Nel 1947 la ricorrenza venne funestata a Portella della Ginestra (PA) quando, la banda di Salvatore Giuliano sparò su un corteo di circa duemila lavoratori in festa, uccidendone undici e ferendone una cinquantina.
Dall'anno 1990 i sindacati italiani CGIL, CISL e UIL organizzano annualmente a Roma un concerto per celebrare il primo maggio (vedi Concerto del Primo Maggio a Roma a cui partecipano annualmente centinaia di migliaia di persone).
Le prime vittime della storia operaia in Italia
Le prime vittime della storia operaia furono napoletane. Nell’estate del 1863, accade un triste episodio a Portici, nel cortile delle officine di Pietrarsa. Una vicenda storica poco conosciuta, ma riportata dai documenti del “Fondo Questura” dell’Archivio di Stato di Napoli.
Dopo l’Unità d’Italia, il Real Opificio Borbonico di Pietrarsa,
il più grande e importante della penisola, passa alla proprietà di
Jacopo Bozza. Costui, artificiosamente, prima dilata l’orario di lavoro
abbassando nello stesso tempo gli stipendi, poi taglia in maniera
progressiva il personale mettendo in ginocchio la produzione. Il 23
giugno 1863, a seguito delle proteste del personale, promette di
reimpiegare centinaia di operai licenziati tra i 1050 impiegati al 1860.
Sui muri dello stabilimento compare
questa scritta: "muovetevi artefici, che questa società di ingannatori e
di ladri con la sua astuzia vi porterà alla miseria". Sulle pareti
prossime ai bagni vengono segnate col carbone queste parole: “Morte a Vittorio Emanuele II, il suo Regno è infame, la dinastia Savoia muoia per ora e per sempre”.
La promessa di Bozza è uno dei tanti
bluff che l’impresario nasconde continuando a rassicurare i lavoratori e
attenuando la loro ira elargendo metà della paga concessa dal nuovo
Governo, una sorta di prima forma di cassa-integrazione.

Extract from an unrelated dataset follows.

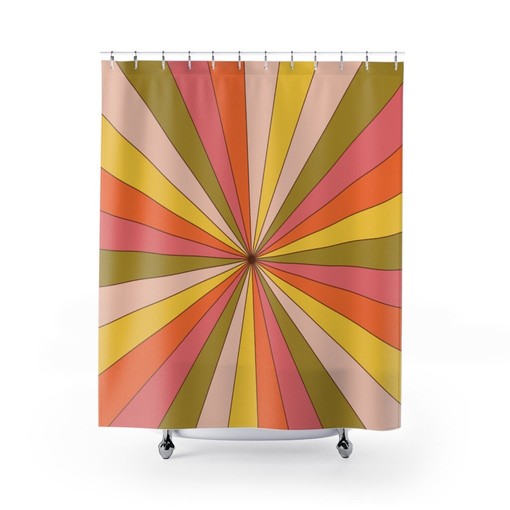 Nostalgic Groovy Abstract and Sunburst Orange, Pink, Yellow Green Retro Shower Curtain for a 70's Inspired Bathroom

Il 31 luglio 1863 gli operai scendono
ad appena 458 mentre a salire è la tensione. Bozza da una parte
promette pagamenti che non rispetterà, dall’altra minaccia nuovi
licenziamenti che decreterà.
La provocazione supera il limite della pazienza e al primo pomeriggio del 6 agosto 1863, il Capo Contabile dell’opificio di Pietrarsa,
Sig. Zimmermann, chiede alla pubblica sicurezza sei uomini con
immediatezza perché gli operai che hanno chiesto un aumento di stipendio
incassano invece il licenziamento di altre 60 unità. Poi implora
addirittura l’intervento di un Battaglione di truppa regolare dopo che
gli operai si sono portati compatti nello spiazzo dell’opificio in
atteggiamento minaccioso.
Convergono la Guardia Nazionale Italiana, i Bersaglieri e i Carabinieri,
che circondano il nucleo industriale. Al cancello d’ingresso trovano
l’opposizione dei lavoratori e calano le baionette. Al segnale di trombe
al fuoco, sparano sulla folla, sui tanti feriti e sulle vittime. Le
forze dell'ordine parlano di sole due vittime e sei feriti trasportati
all’Ospedale. Ma i morti sono almeno quattro: Luigi Fabbricini, Aniello
Marino, Domenico Del Grosso e Aniello Olivieri. Sono questi i nomi
accertati dei primi martiri della storia operaia italiana.